▶ [Work instruction]: Print every record below exactly as it stands, but leave out the pictures.

=== Given data ===

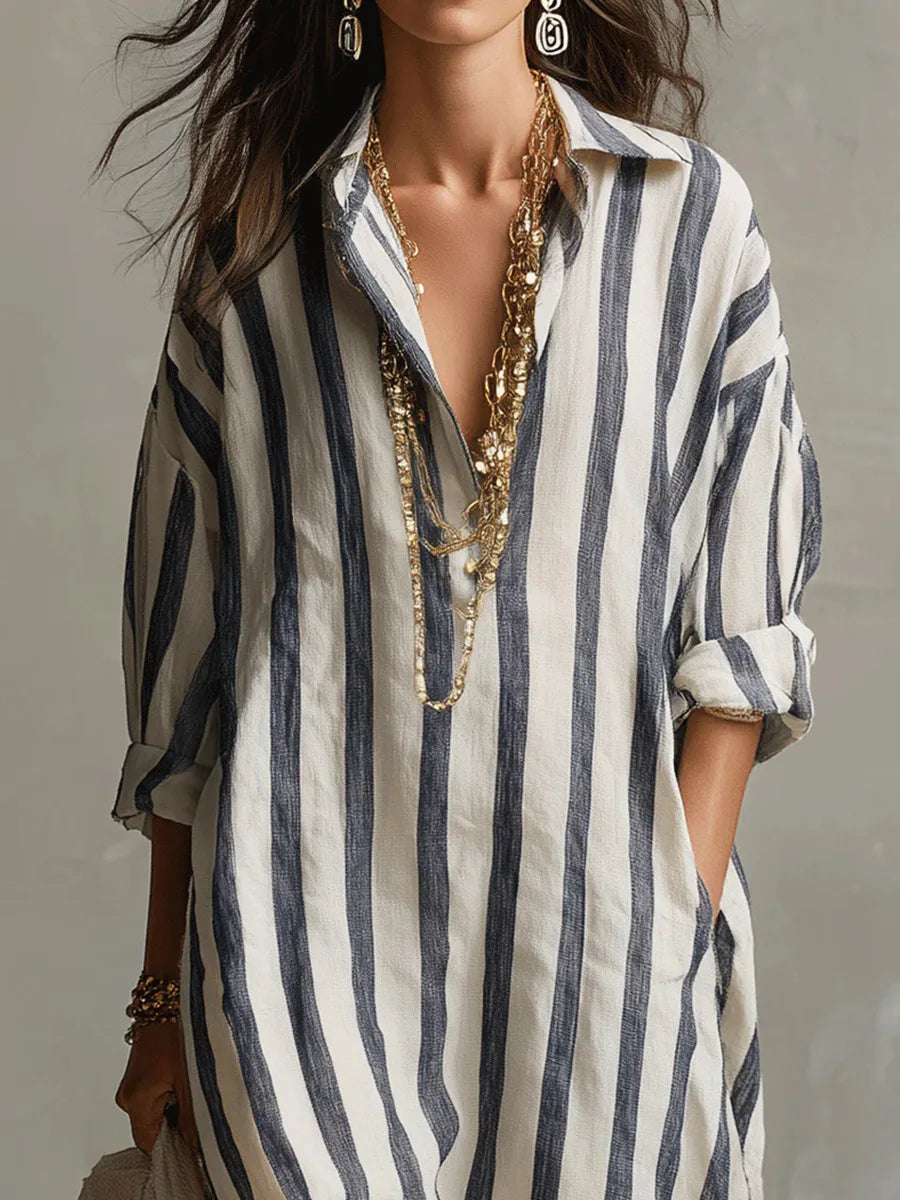 Rosalinda | Women's Striped Long Sleeve Maxi Shirt Dress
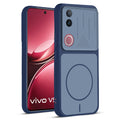 Front and back view of Blue protective back cover for Vivo V50 5G with textured sides, camera guard and slim fit design.
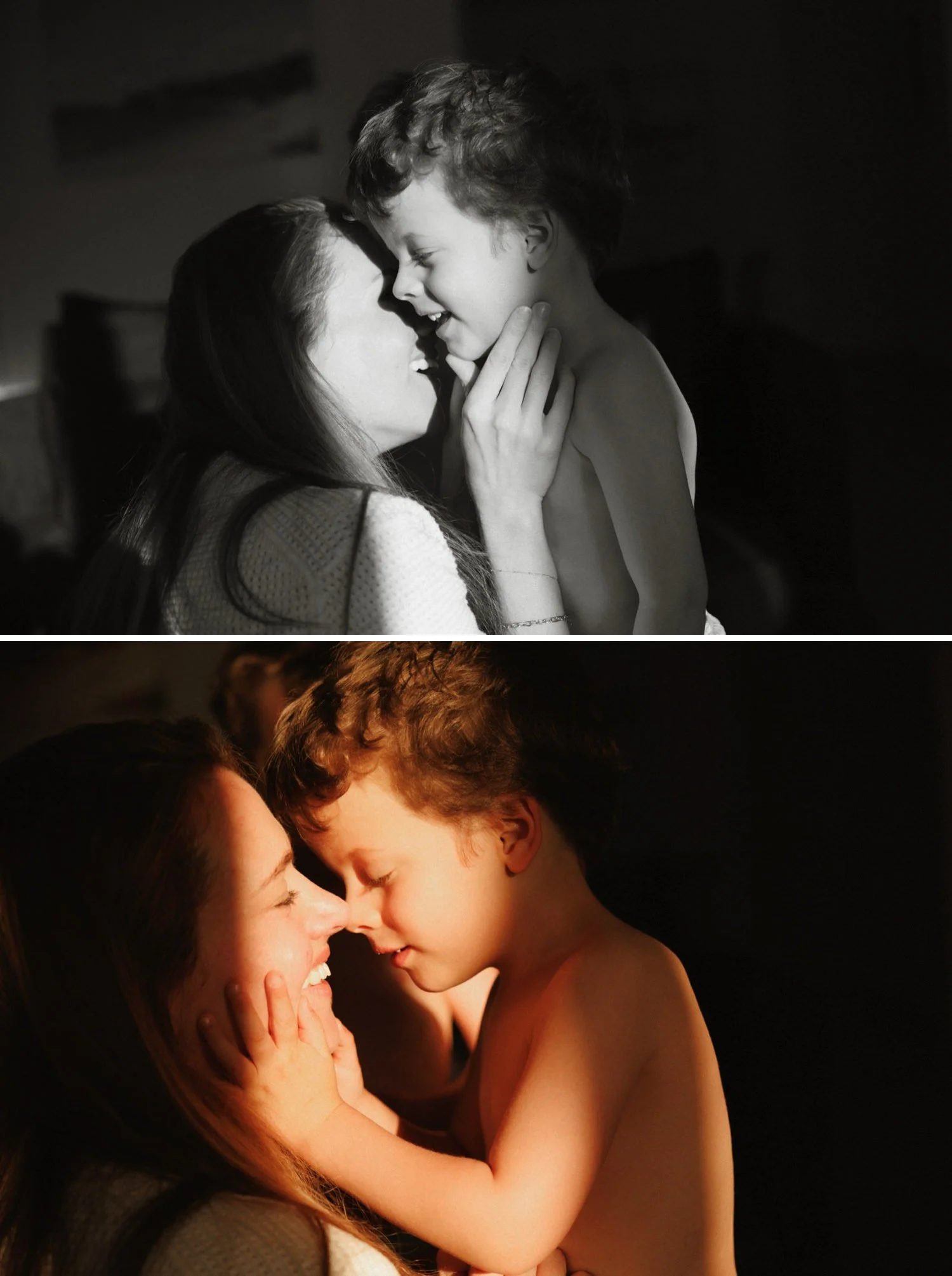 Mother and son laughing and sharing a tender moment in warm light during an in-home Sydney family photography session.
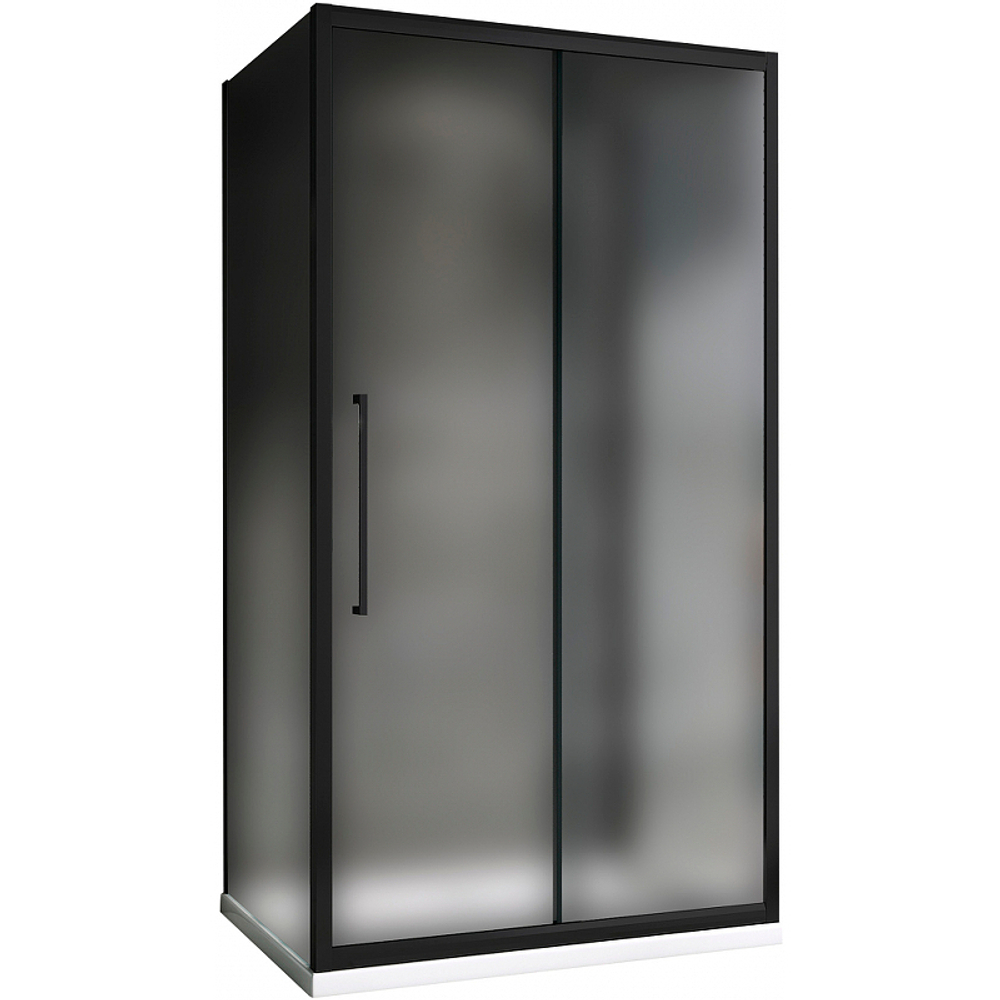 Душевой уголок Abber Schwarzer Diamant 110x80 AG30110BMH-S80BM-S80BM профиль Черный стекло матовое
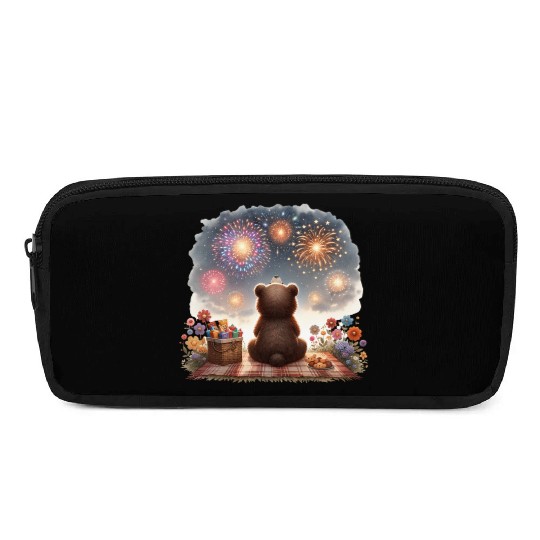 Fireworks Picnic Bear – Night Sky Celebration View Pencil Cases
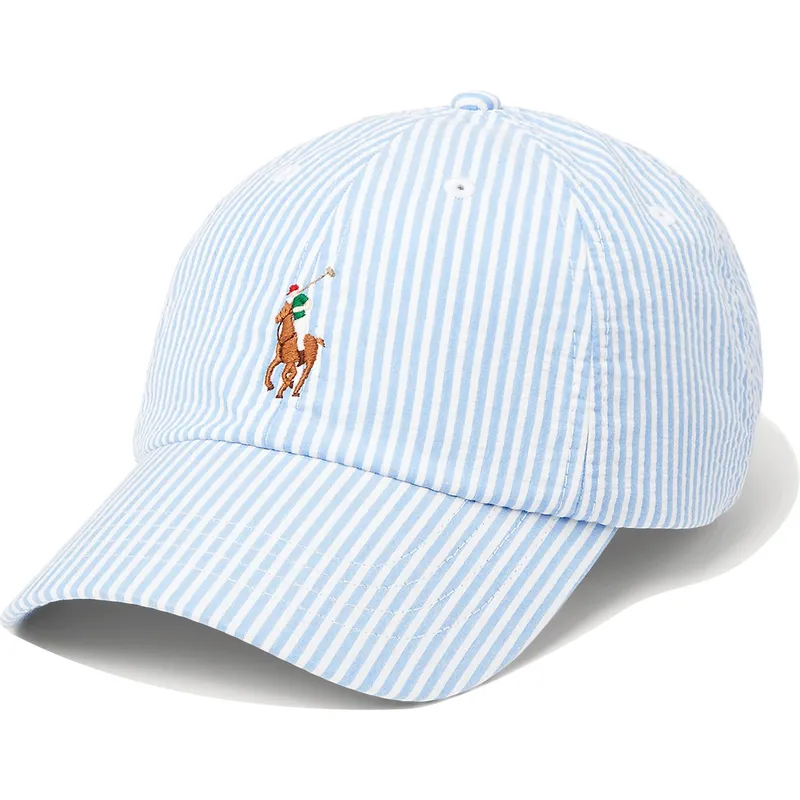 lippikset-kaareva-sininen-saadettava-nauha-cotton-seersucker-polo-ralph-lauren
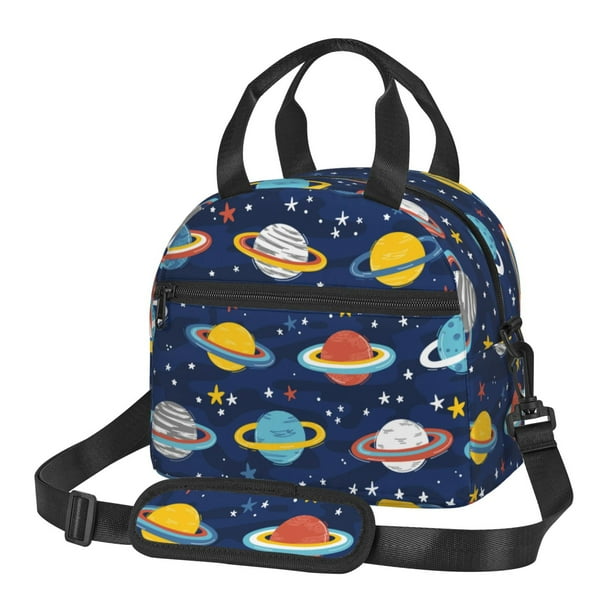 Fotbe Planets and Stars Bolsa de Almuerzo con Estampado, Lonchera Aislada, Contenedores de Comida Reutilizables Tipo Cooler a Prueba de Fugas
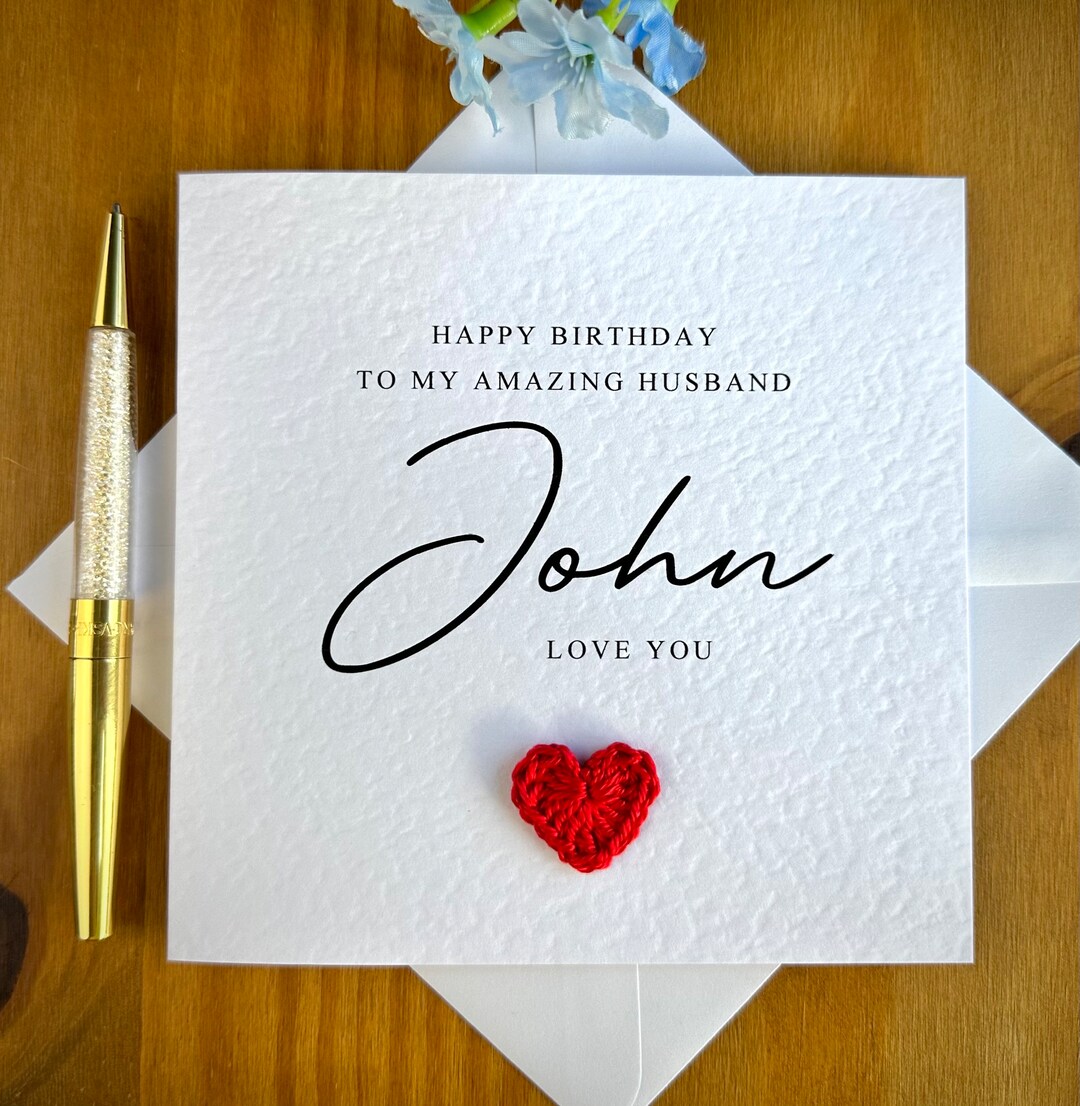 Personalised Husband Birthday Card | Cotton Heart Elegant Design ...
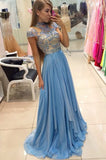 Hot Selling Beading Bodice A-Line Short Sleeves Empire Waist Long Prom Dresses uk PM157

===

▶ [Written solution]:
 Rosalinda | Women's Striped Long Sleeve Maxi Shirt Dress
 Front and back view of Blue protective back cover for Vivo V50 5G with textured sides, camera guard and slim fit design.
 Mother and son laughing and sharing a tender moment in warm light during an in-home Sydney family photography session.
 Душевой уголок Abber Schwarzer Diamant 110x80 AG30110BMH-S80BM-S80BM профиль Черный стекло матовое
 Fireworks Picnic Bear – Night Sky Celebration View Pencil Cases
 lippikset-kaareva-sininen-saadettava-nauha-cotton-seersucker-polo-ralph-lauren
 Fotbe Planets and Stars Bolsa de Almuerzo con Estampado, Lonchera Aislada, Contenedores de Comida Reutilizables Tipo Cooler a Prueba de Fugas
 Personalised Husband Birthday Card | Cotton Heart Elegant Design ...
 Hot Selling Beading Bodice A-Line Short Sleeves Empire Waist Long Prom Dresses uk PM157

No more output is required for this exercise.